Les règles de cumul étant établies par le code pénal, nul choix ne peut être effectué selon des calculs d’opportunité sans risquer un détournement de procédure destiné à esquiver la dépénalisation du financement illicite. Partant, la qualification générale ne peut servir de rattrapage d’une qualification spéciale non réprimée : c’est cette dernière qui doit primer en cas de conflit. Une possibilité toutefois : lorsque les deux qualifications auraient pu être cumulées au stade de la condamnation, elles peuvent également l’être au stade de la poursuite.

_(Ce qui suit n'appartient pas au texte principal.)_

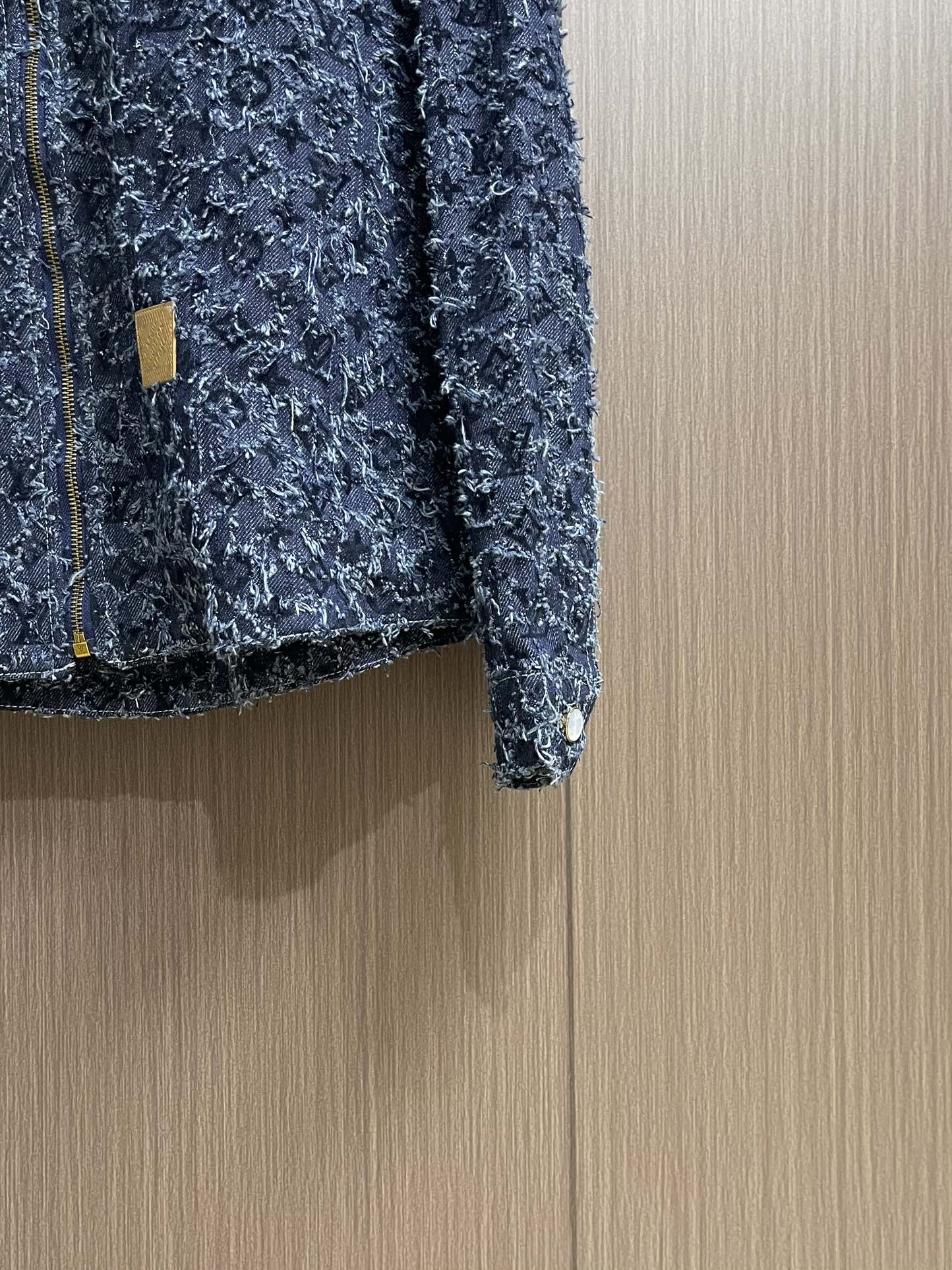 上衣LV 2025FW流苏直筒宽松连帽牛仔外套牛仔裤套装。复古赛络纺提花露纱面料，通过洗水及砂石打磨，形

La Cour de cassation valide, sur ce point, le raisonnement tenu par les juges du fond. Ainsi, lorsque la loi a, postérieurement aux faits reprochés, abrogé une infraction pénale, les mêmes faits peuvent être poursuivis sous une autre qualification et punis des peines prévues par celle-ci dès lors que les deux qualifications auraient pu être cumulées au stade de la condamnation si la première n’avait pas été abrogée.

Si le cumul est possible, alors le choix dans la qualification l’est aussi.

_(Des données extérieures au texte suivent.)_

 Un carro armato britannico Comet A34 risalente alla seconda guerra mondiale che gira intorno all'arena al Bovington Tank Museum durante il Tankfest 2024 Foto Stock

Encore faut-il savoir selon quelles règles le cumul est admis. En effet, la cour d’appel, appliquant des règles de cumul, se trouve partiellement censurée, manquant de mobiliser les récentes décisions de la Cour de cassation en la matière.

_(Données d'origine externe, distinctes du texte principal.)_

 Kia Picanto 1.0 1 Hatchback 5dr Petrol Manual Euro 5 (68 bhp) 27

Le cumul des qualifications : application des critères posés par les arrêts du 15 décembre 2021

La Cour d’appel de Paris, dans sa décision du 15 mars 2023, s’est fondée sur une solution révolue de la chambre criminelle (Crim. 8 déc. 2015, n° 14-85.548, Dalloz actualité, 22 déc. 2015, obs. C. Benelli-de Bénazé ; D. 2016. 2424, obs. G. Roujou de Boubée, T. Garé, C. Ginestet, M.-H. Gozzi, L. Miniato et S. Mirabail ; RDI 2016. 86, obs. G. Roujou de Boubée ; AJ pénal 2016. 149, obs. R. Leost ; Dr. pénal 2016. Comm. 32, note J.-H. Robert). Pour estimer que les conditions d’une double poursuite étaient réunies, elle s’est appuyée sur le fait que les deux qualifications en présence différaient dans leurs éléments constitutifs et protégeaient chacune des intérêts sociaux distincts. Or, dès 2016 et sous l’impulsion européenne de l’arrêt Zolotoukhine c/ Russie de 2009, la chambre criminelle abandonnait le critère des « intérêts sociaux distincts » (CEDH, gr. ch., 10 févr. 2009, Sergueï Zolotoukhine c/ Russie, n° 14939/03, D. 2009. 2014 , note J. Pradel ; RSC 2009. 675, obs. D. Roets ; RD publ. 2010. 873, note Surrel ; JCP 2009. I. 143, chron. Sudre).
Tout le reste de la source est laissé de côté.